A plan to commemorate 50 locations tied to San Francisco's leather and LGBTQ culture with sidewalk markers has been endorsed by the Board of Supervisors and will file for civic design review this week. The resolution in support was taken up on an expedited process this week due to pending deadlines and a streetscape improvement project underway that could incorporate the installation of the plaques.

As the Bay Area Reporter first reported in September, the Leather & LGBTQ Cultural District has proposed recognising current and former businesses in the area by placing bronze plaques in the sidewalk near where they operated or currently are located. Such storied establishments as the Folsom Street Barracks, The Arena, Ramrod, The Brig, and the Club Baths of San Francisco would be memorialised with historical markers.

Leather district leaders plan to file by Friday, April 9, to have the city's arts commission review the designs for the plaques now that the supervisors voted 11-0 at their April 6 meeting to back the project. Gay District 8 Supervisor Rafael Mandelman asked to be added as a co-sponsor.

The district will also be seeking an estimated $120,000 to pay for the plaques from the community impact fees the developer L37 Partners will be required to pay for its 244-rental unit housing development in SOMA. The city's planning commission recently approved the project to be built at Folsom and 11th streets adjacent to the gay nightclub Oasis.
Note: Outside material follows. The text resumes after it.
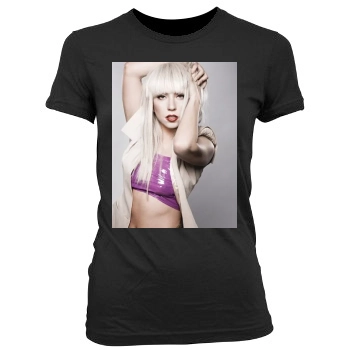 Lady Gaga Women's Junior Cut Crewneck T-Shirt
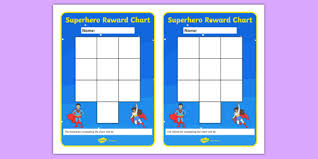 Superhero Themed Reward Chart Superhero Reward Chart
"Each one of these steps will determine whether it goes ahead and whether we can get the money or not," Robert Goldfarb, chair of the leather district's board, told the B.A.R. prior to the supervisors' meeting.

A number of historic SOMA leather businesses have already been memorialised on stone plinths in the San Francisco South of Market Leather History Alley. Dedicated four years ago, the side street project spans Ringold Alley between Eighth and Ninth streets and sports bronze bootprints embedded in the sidewalk honouring various leather community leaders, some of whom owned the remembered businesses.

In conjunction with the leather district plaques will be self-guided walking tours the cultural district plans to host on its website. There will be audio components in addition to write-ups about the various locations, according to Goldfarb.

As David Hyman, who is also involved with the SOMA leather district, noted during the land use committee hearing, "Many visitors who come for Leather Week and other special events ask about these places. They are not forgotten, but in most cases, they are invisible."